Aslında, bu dünyadaki her şey geçicidir.
Ve o kadar geçicidir ki; bir telefon gelir; hastane laboratuvarında yaptırdığımız bir tahlil sonuçlanır; bir gazetede, bizimle ilgili bir haber yayınlanır, bütün dünyamız alt-üst olur.
Tersi de olabilir.
Bir telefon, bize dünyanın en iyi haberini verebilir.
Bulvarda yürürken karşılaştığımız eski bir dostumuz ise, en iyi iş teklifini yapabilir.
Bir anda, içimizde ukde olarak duran şeylere ulaşabiliriz.
Bunlar da geçicidir.
Her şeyin geçiciliğine inanmak, bizi aşırı kederden de; aşırı sevinç çılgınlığından da korur.
Makul oluruz.
Evet, evet geçici yaşıyoruz.
Gençlik, sağlık geçicidir.
Mevki, makam, güç, kudret geçicidir.
Yoksulluk, sıradanlık, zayıflık geçicidir.

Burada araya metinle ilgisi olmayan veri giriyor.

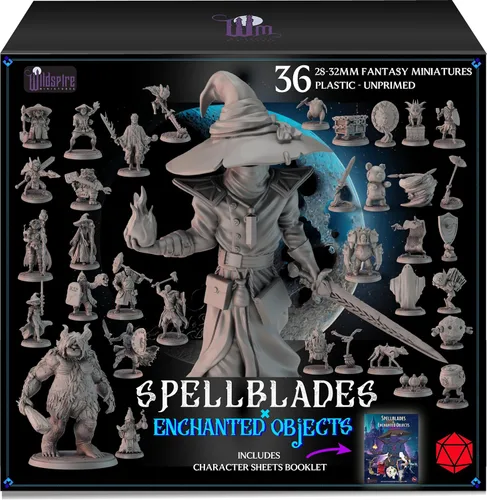 Wildspire Spellblades y Objetos Encantados para Miniaturas DND 28mm-32mm - Personajes Jugador-Personajes, NPC a Granel - Minis D&D Sin Pintar -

Aşklar, kara sevdalar da; kin ve nefretler de geçicidir.
Hiç bitmeyecek sandığımız derin dostluklar, arkadaşlıklar da geçicidir.
Önemli olan karşılaştığımız şeyler karşısında bizim durduğumuz yerdir.
Önemli olan kin ve nefretimizin; sevgimizin, zayıflıklarımızın, güç ve kudretimizin esiri olmamaktır.
Önemli olan, makul olmaktır.
Önemli olan, dostlarımızla, bizde olanları paylaşırken, bir gün aramıza “mesafe” gireceğini hesaba katmaktır.
Önemli olan, nefret ettiklerimizle, bir gün dost olacağımızı düşünmek ve nefretimizi frenleyebilmektir.
Geçici bir hayatın, küçük ayrıntılarıyla boğuşan, küçük figüranlarıyız.
Çocuklarımızın isyankârlığı, yüzümüzdeki sivilceler, saçlarımızdaki kepekler geçicidir.
Yağmur, rüzgar, kar da; sıcak, ılık, güneşli günler de geçicidir.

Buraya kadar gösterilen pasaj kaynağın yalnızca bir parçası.